Fortunately, we don't need to implement all of those improvements here, because we can just use quantopian.pipeline.factors.SimpleBeta, which implements them for us!

In [29]:
from quantopian.pipeline.factors import SimpleBeta
    Factor producing the slope of a regression line between each asset's daily
    returns to the daily returns of a single "target" asset.

    target : zipline.Asset
        Asset against which other assets should be regressed.
    regression_length : int
        Number of days of daily returns to use for the regression.
    allowed_missing_percentage : float, optional
        Percentage of returns observations that are allowed to be missing when
        calculating betas. Assets with more than this percentage of returns
        observations missing will produce values of NaN. Default behavior is
        that 25% of inputs can be missing.

SimpleBeta has two required parameters:

  • target, the asset whose returns should be used as the independent regression variable.
  • regression_length, an integer indicating the number of days of data that should be used to calculate regressions.

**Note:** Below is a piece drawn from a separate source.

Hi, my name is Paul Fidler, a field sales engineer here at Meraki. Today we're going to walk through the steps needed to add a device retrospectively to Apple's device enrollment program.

SimpleBeta also accepts an parameter, allowed_missing_percentage, which controls how missing data is handled. By default, SimpleBeta will produce a beta for an asset as long as we have valid returns observations on at least 75% of days. You can tune this behavior by passing a value between 0 and 1 as allowed_missing_percentage. For example, passing 0.1 would mean that only 10% of values are allowed to be missing, while passing 0.9 would mean that 90% of values can be missing.

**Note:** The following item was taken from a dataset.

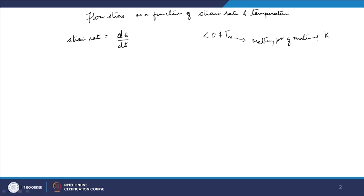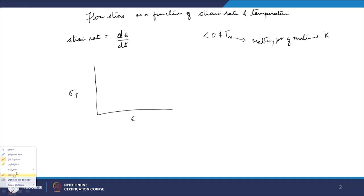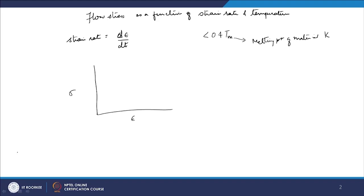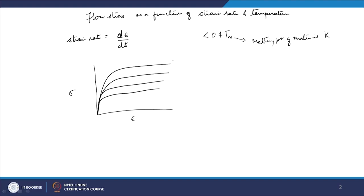But if I am deforming at a temperature more than 0.4 Tm — say more than 400 K — then I will see the effect of temperature on the flow stress curve as well. From this lecture, when I write σ it is true stress and ε is true strain. Taking a simple steady-state deformation condition, after yielding you have a steady-state flow, and I have drawn different curves.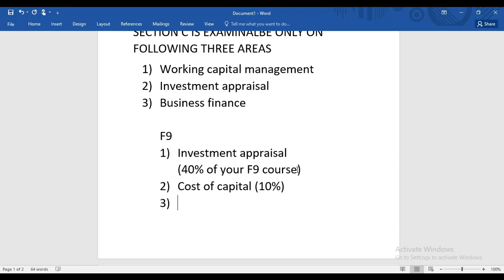If you don't have funds you won't be able to make investment, and the source from where you raise finance will not give it free of cost. Each source of finance has its cost. So in Cost of Capital, we first find out what is the cost of raising finance from different sources.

Here's an example of using SimpleBeta to compute the same 252-day betas we've been calculating, but with robust handling of missing values:

In [30]:
SPY = symbols('SPY')
simple_beta = SimpleBeta(SPY, 252, allowed_missing_percentage=0.3)
simple_beta_pipeline = Pipeline({'beta': simple_beta})
In [31]:
simple_beta_result, duration = timed(run_pipeline)(simple_beta_pipeline, END, END + (252 *
print("It took {} seconds to calculate 252-day betas for a year:".format(duration))
It took 11.8971569538 seconds to calculate 252-day betas for a year:

Because SimpleBeta robustly handles missing data, it produces many fewer NaN outputs than our MyBeta factor:

In [32]:
print("SimpleBeta NaN count for 2010:", simple_beta_result.beta.isnull().sum())
print("MyBeta NaN count for 2010:", my_beta_result.beta.isnull().sum())
SimpleBeta NaN count for 2010: 299057
MyBeta NaN count for 2010: 630067

Review and Conclusions

In this notebook, we:

  • Introduced market beta and explain why we might care about it in the context of a trading algorithm.
  • Looked at the RollingLinearRegressionOfReturns Pipeline factor and showed how we could build a much faster vectorized implementation of beta ourselves using numpy.
  • Learned about the new SimpleBeta built-in factor.

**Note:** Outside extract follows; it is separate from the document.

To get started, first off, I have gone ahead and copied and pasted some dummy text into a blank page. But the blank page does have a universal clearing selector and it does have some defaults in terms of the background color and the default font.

If you want to learn more about how these improvements were implemented, you can see the source code as of the time of this writing here in Zipline. You can also see the Zipline pull request here.

Future Work

There are many different ways to estimate beta. In this notebook, we focused on a the simple case of calculating beta by running an OLS regression on daily returns observations, but there are many more sophisticated estimation methods we might consider in the future.

It's common, for example, to use a Shrinkage Estimator for beta, which allows us to combine a "raw" beta estimate with a prior belief about how we expect stocks to behave. It's also common to use longer time intervals for returns (e.g., weekly rather than daily returns), to try to smooth out daily fluctuations.